All of the data below should be repeated exactly. Pictures should not be included.

Dataset records:
+-------+

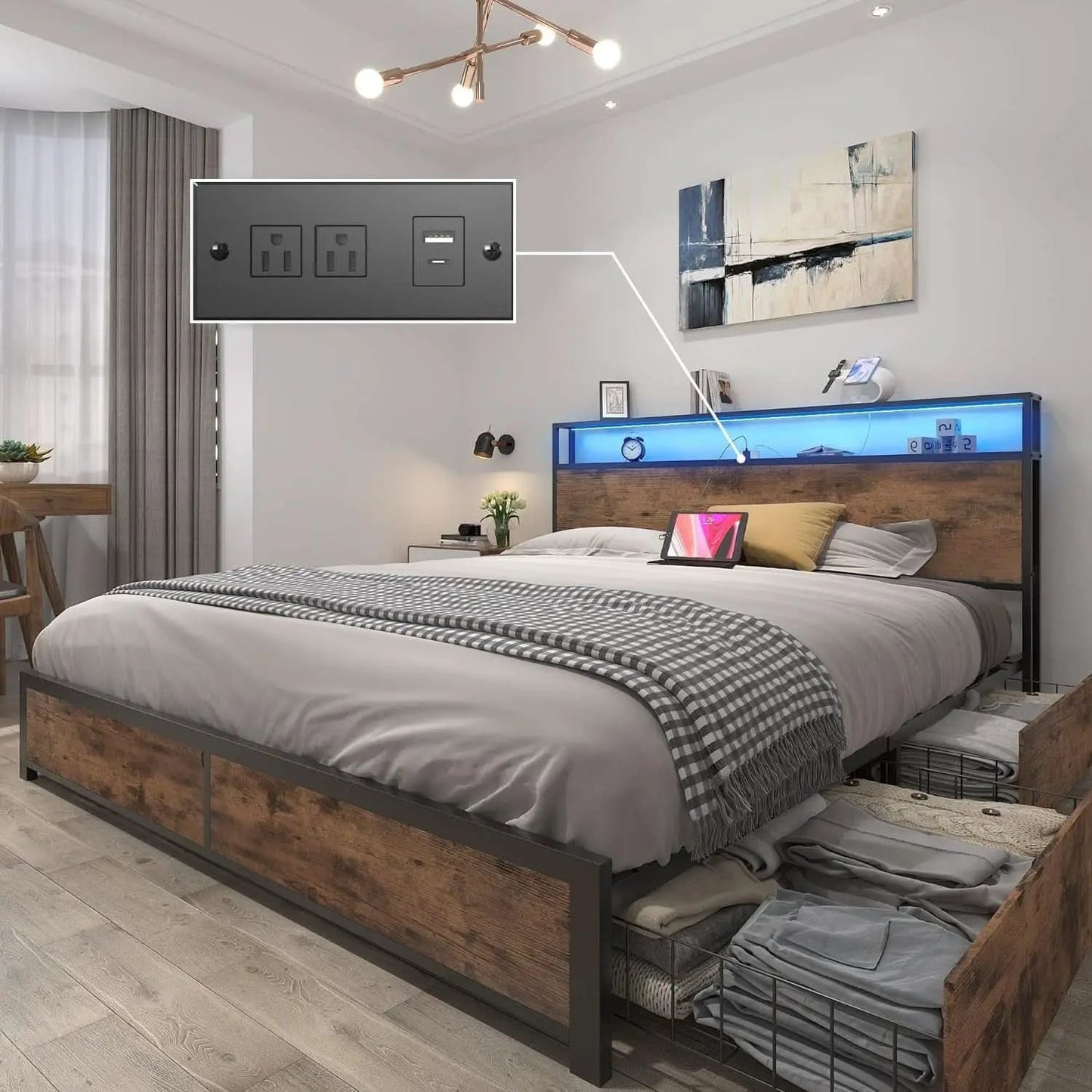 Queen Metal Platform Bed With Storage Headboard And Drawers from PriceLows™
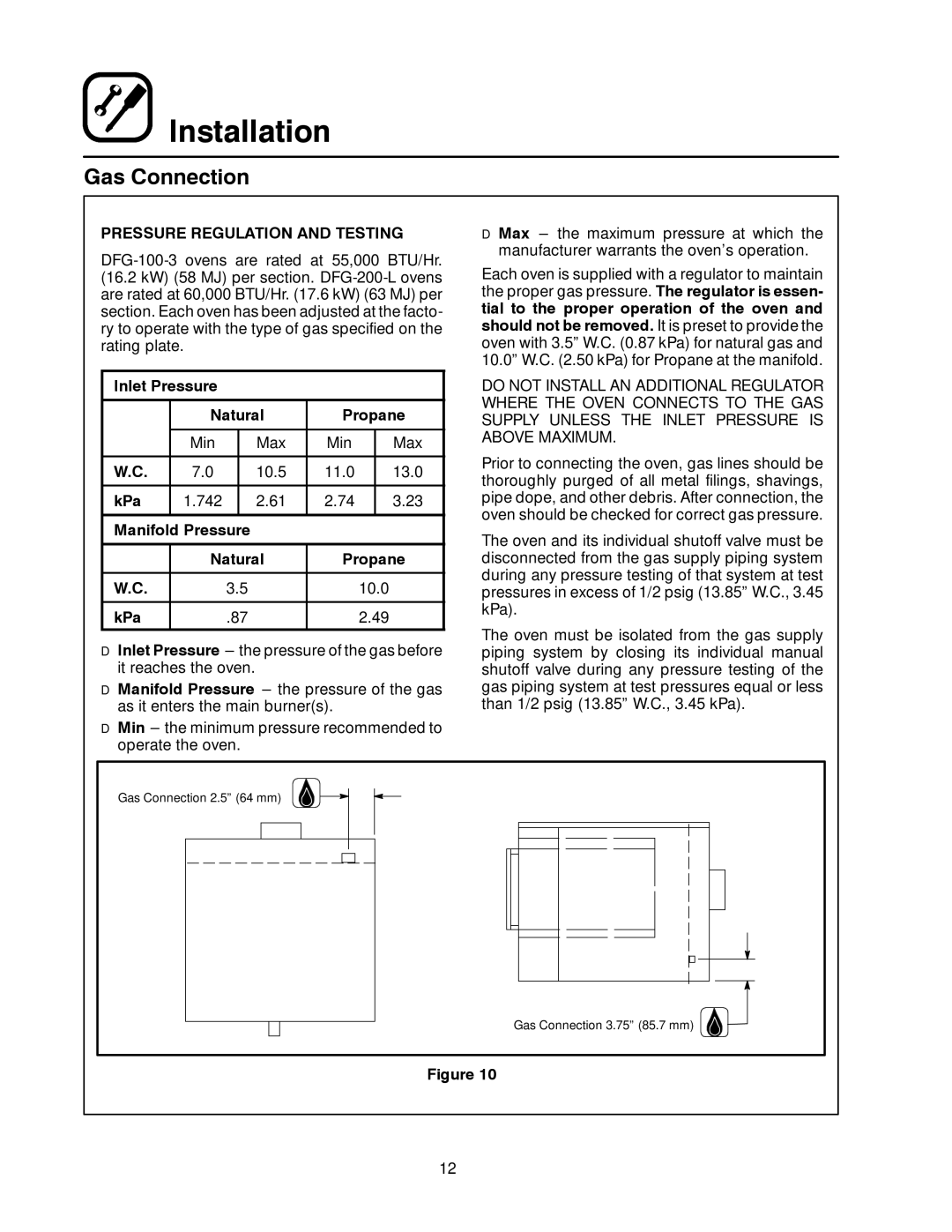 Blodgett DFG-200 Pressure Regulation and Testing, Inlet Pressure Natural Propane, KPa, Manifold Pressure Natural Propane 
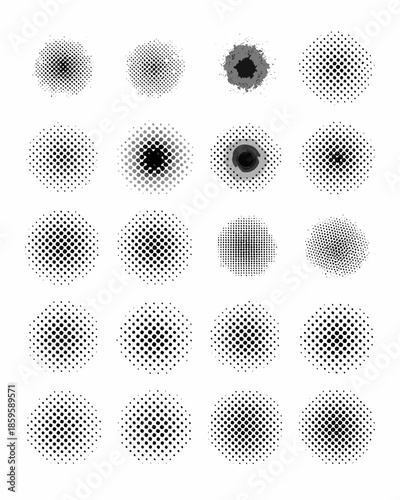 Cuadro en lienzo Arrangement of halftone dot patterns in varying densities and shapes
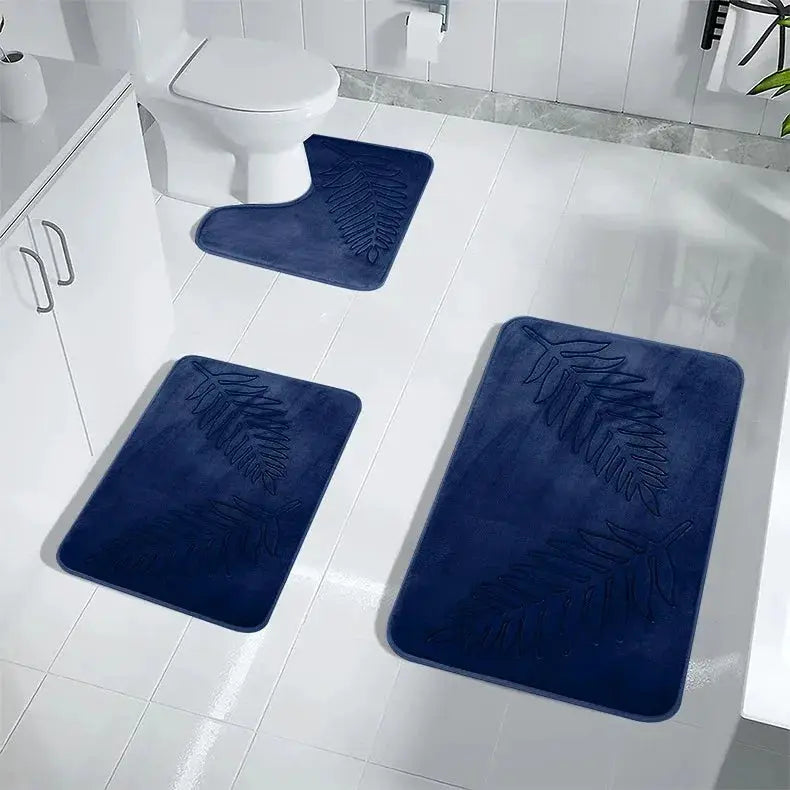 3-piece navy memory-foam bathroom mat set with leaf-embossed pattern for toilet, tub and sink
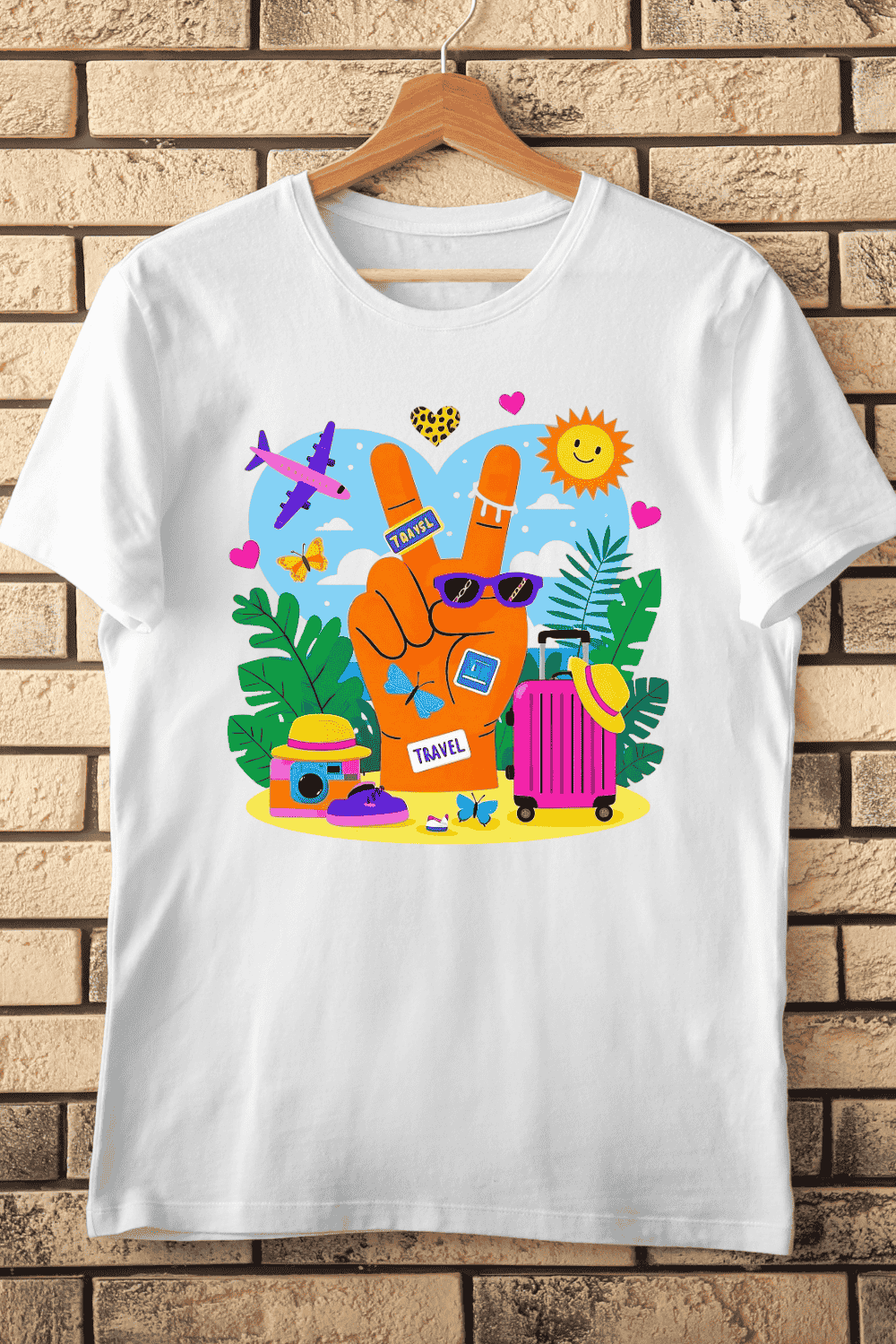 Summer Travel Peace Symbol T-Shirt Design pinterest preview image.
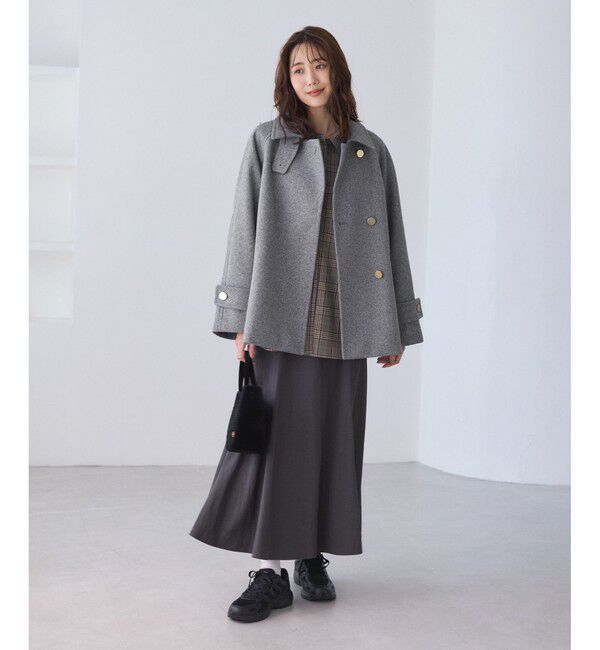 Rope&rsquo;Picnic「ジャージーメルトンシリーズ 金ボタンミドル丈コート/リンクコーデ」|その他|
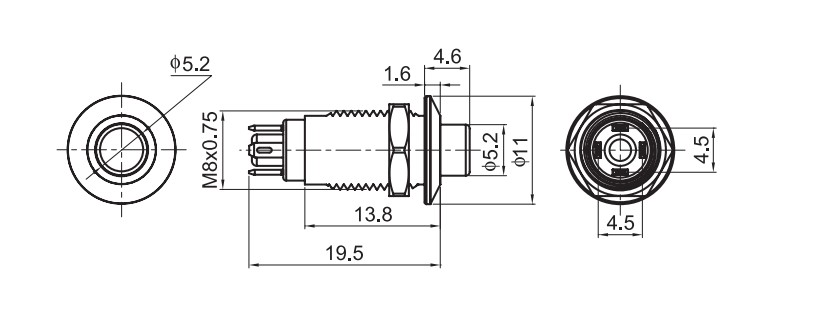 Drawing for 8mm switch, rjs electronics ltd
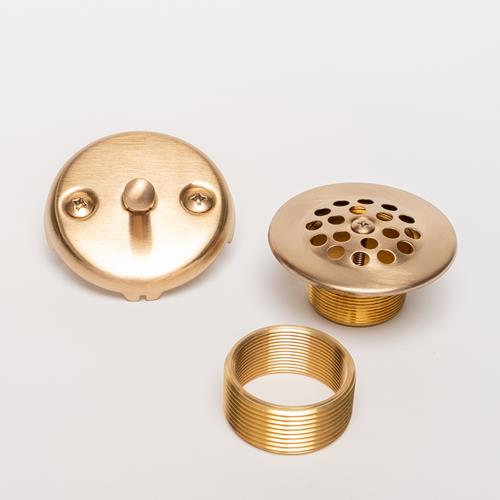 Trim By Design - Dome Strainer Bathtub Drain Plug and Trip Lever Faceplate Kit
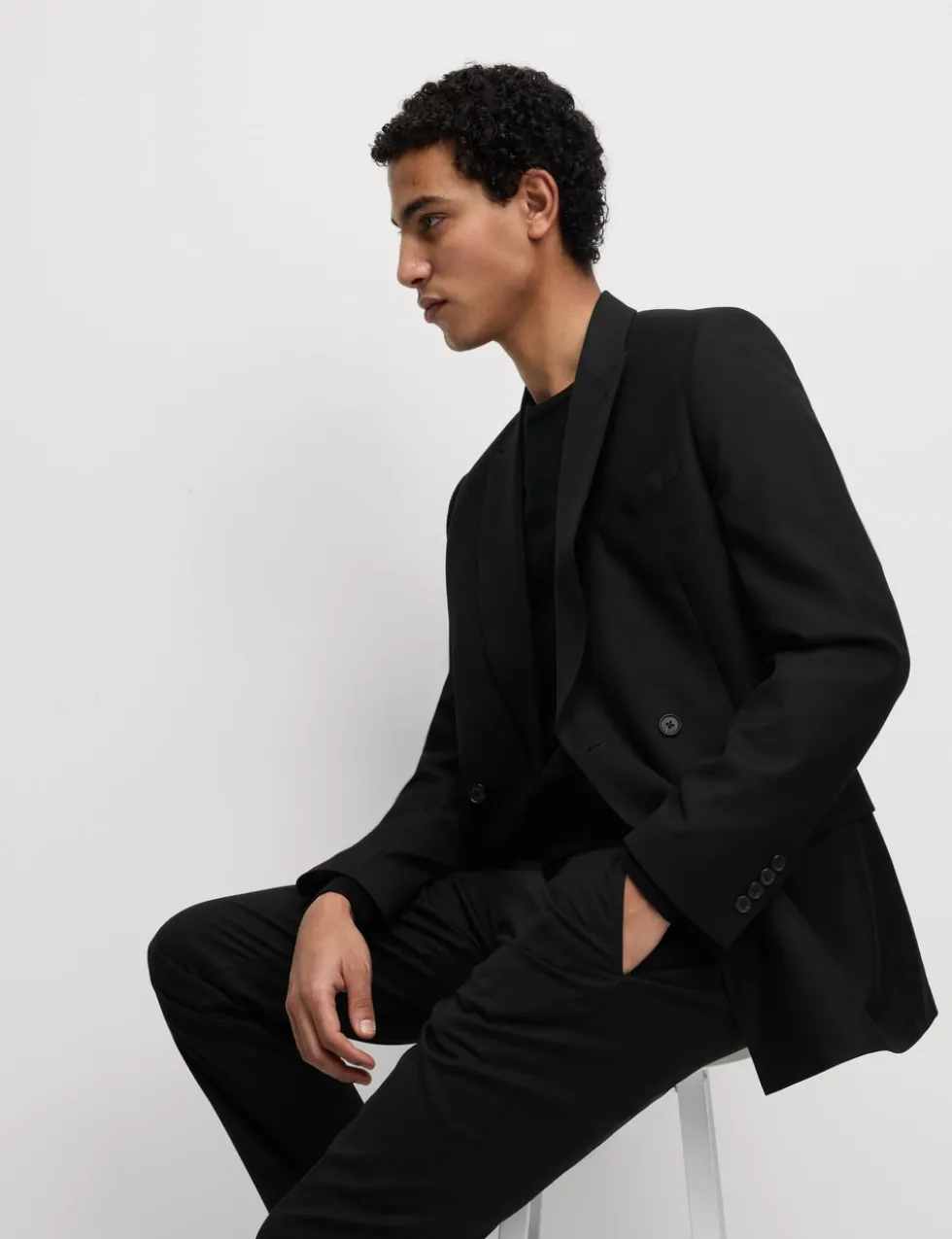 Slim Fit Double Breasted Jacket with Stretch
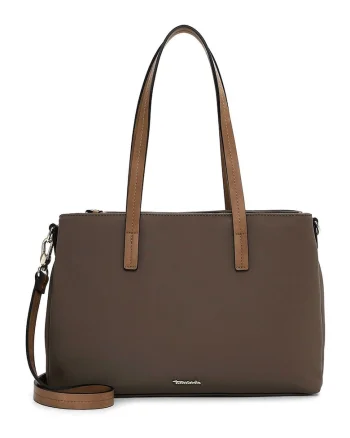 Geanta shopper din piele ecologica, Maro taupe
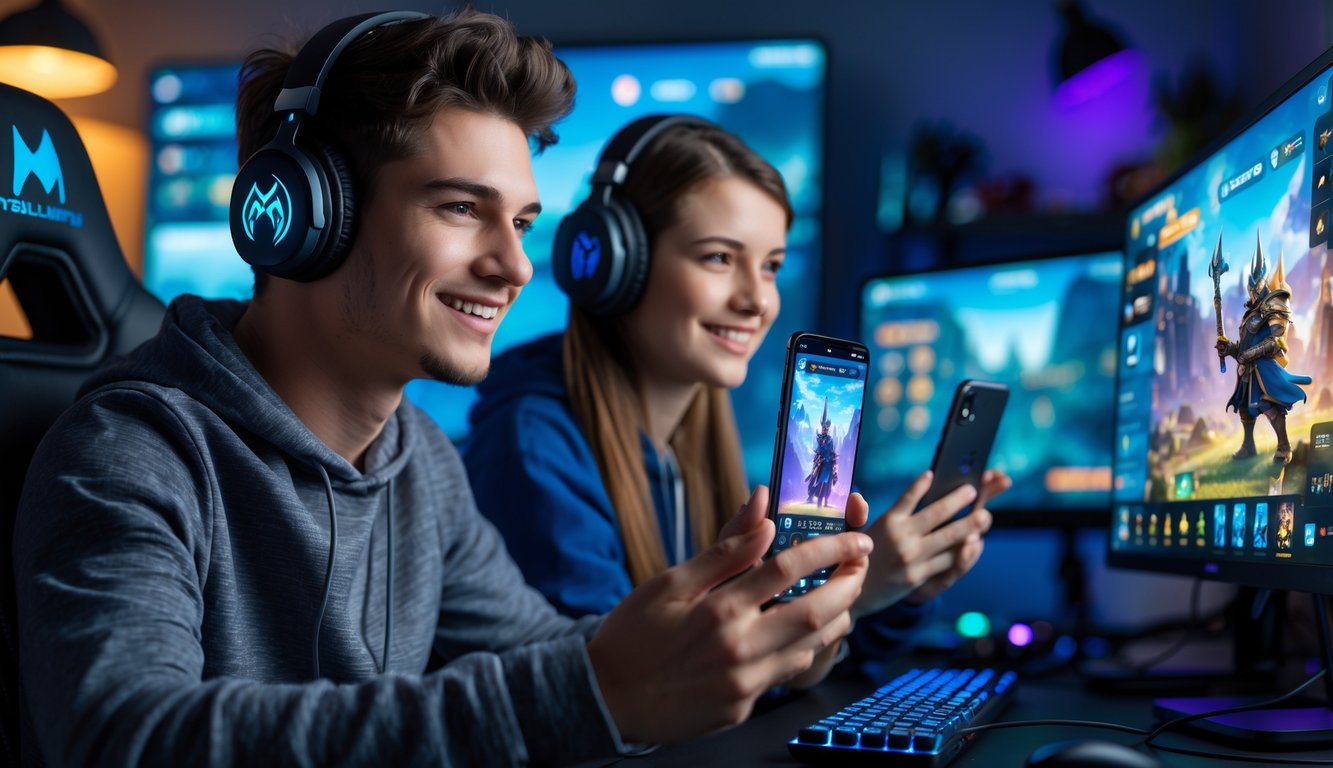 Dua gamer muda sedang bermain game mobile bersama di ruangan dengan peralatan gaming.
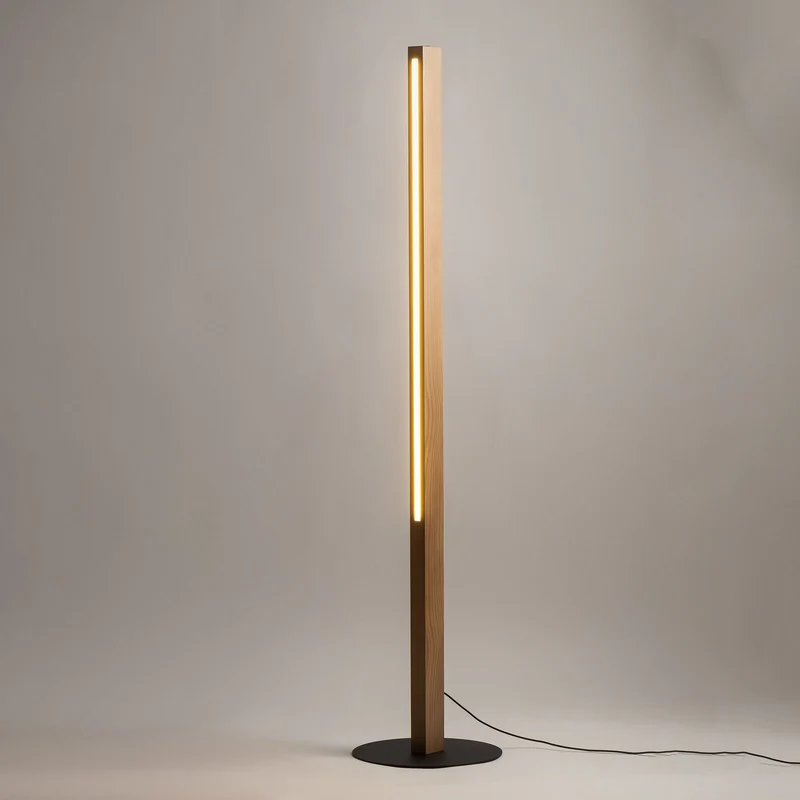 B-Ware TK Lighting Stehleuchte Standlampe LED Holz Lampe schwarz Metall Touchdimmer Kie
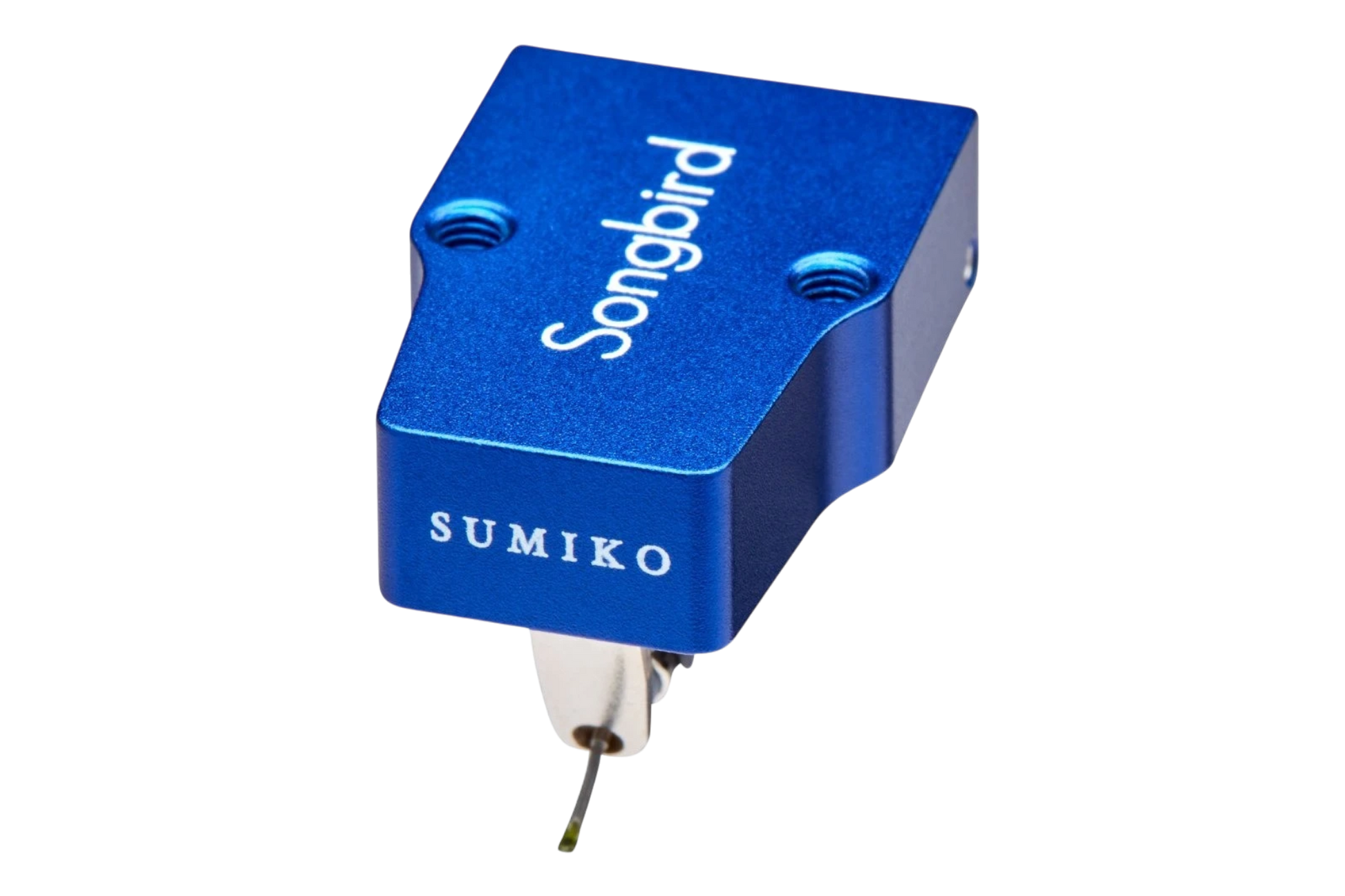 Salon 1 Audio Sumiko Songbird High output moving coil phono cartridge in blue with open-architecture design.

+-------+

- [WRITTEN ANSWER]
 Queen Metal Platform Bed With Storage Headboard And Drawers from PriceLows™
 Blodgett DFG-200 Pressure Regulation and Testing, Inlet Pressure Natural Propane, KPa, Manifold Pressure Natural Propane 
 Cuadro en lienzo Arrangement of halftone dot patterns in varying densities and shapes
 3-piece navy memory-foam bathroom mat set with leaf-embossed pattern for toilet, tub and sink
 Summer Travel Peace Symbol T-Shirt Design pinterest preview image.
 Rope&rsquo;Picnic「ジャージーメルトンシリーズ 金ボタンミドル丈コート/リンクコーデ」|その他|
 Drawing for 8mm switch, rjs electronics ltd
 Trim By Design - Dome Strainer Bathtub Drain Plug and Trip Lever Faceplate Kit
 Slim Fit Double Breasted Jacket with Stretch
 Geanta shopper din piele ecologica, Maro taupe
 Dua gamer muda sedang bermain game mobile bersama di ruangan dengan peralatan gaming.
 B-Ware TK Lighting Stehleuchte Standlampe LED Holz Lampe schwarz Metall Touchdimmer Kie
 Salon 1 Audio Sumiko Songbird High output moving coil phono cartridge in blue with open-architecture design.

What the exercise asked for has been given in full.